Brief descriptive captions

:::::

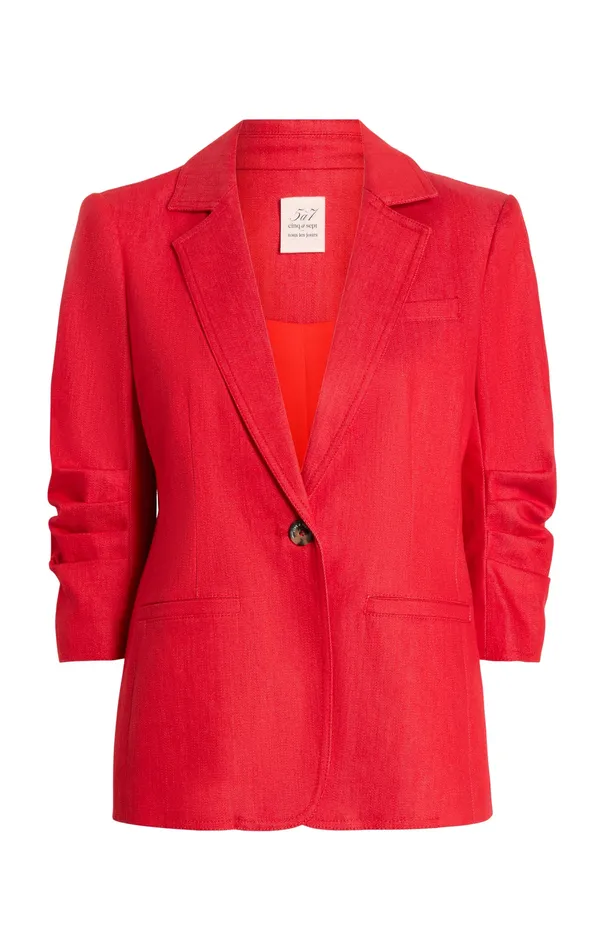 Jackets and Blazers Cinq Sept Women Denim Khloe Blazer Deep Tangelo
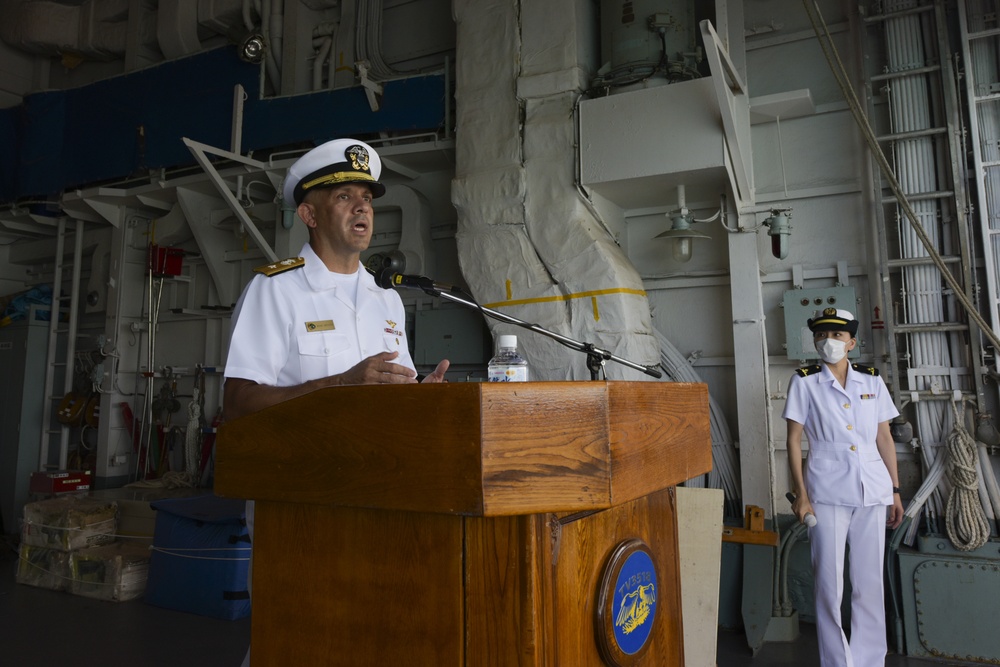 Joint Region Marianas Commander Visits JMSDF Sailors aboard JS Setoyuki (TV-3518) at U.S. Naval Base Guam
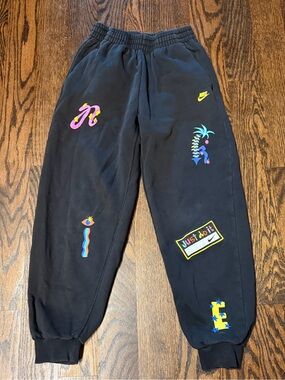 Nike Kids' Black Graphic Jogger Sweatpants - Multicolor Accents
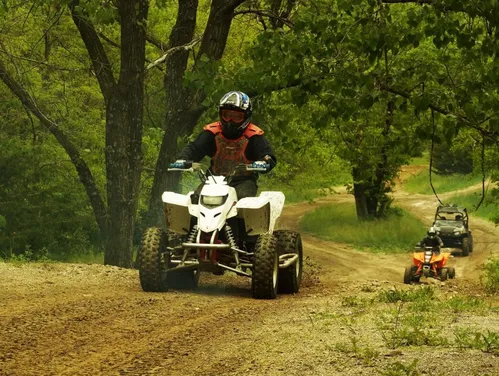 An off-highway vehicle on a dirt course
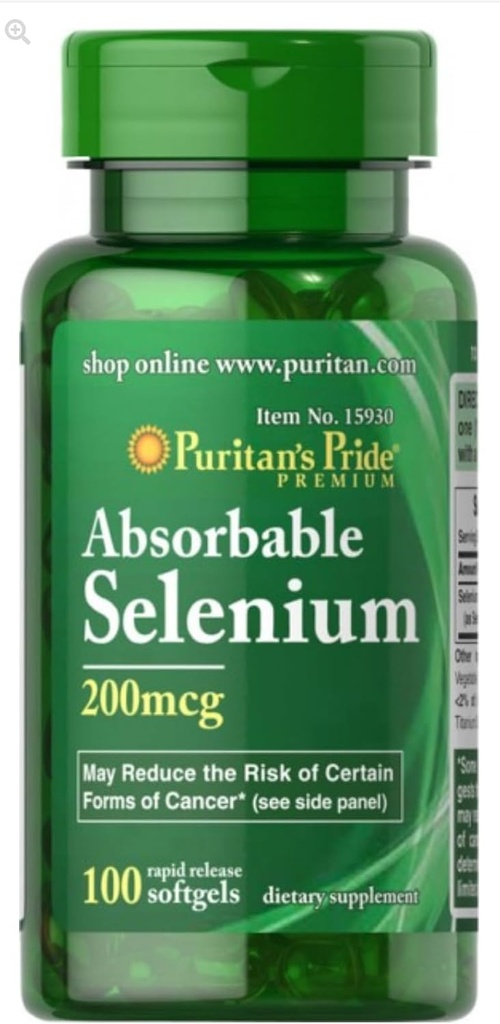Πουριτανοί Pride Selenium 200 mcg δισκία, 100 μέτρα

:::::

Task requirements: Retype all entries exactly as they appear, dropping the images.

Answer space:
 Jackets and Blazers Cinq Sept Women Denim Khloe Blazer Deep Tangelo
 Joint Region Marianas Commander Visits JMSDF Sailors aboard JS Setoyuki (TV-3518) at U.S. Naval Base Guam
 Nike Kids' Black Graphic Jogger Sweatpants - Multicolor Accents
 An off-highway vehicle on a dirt course
Πουριτανοί Pride Selenium 200 mcg δισκία, 100 μέτρα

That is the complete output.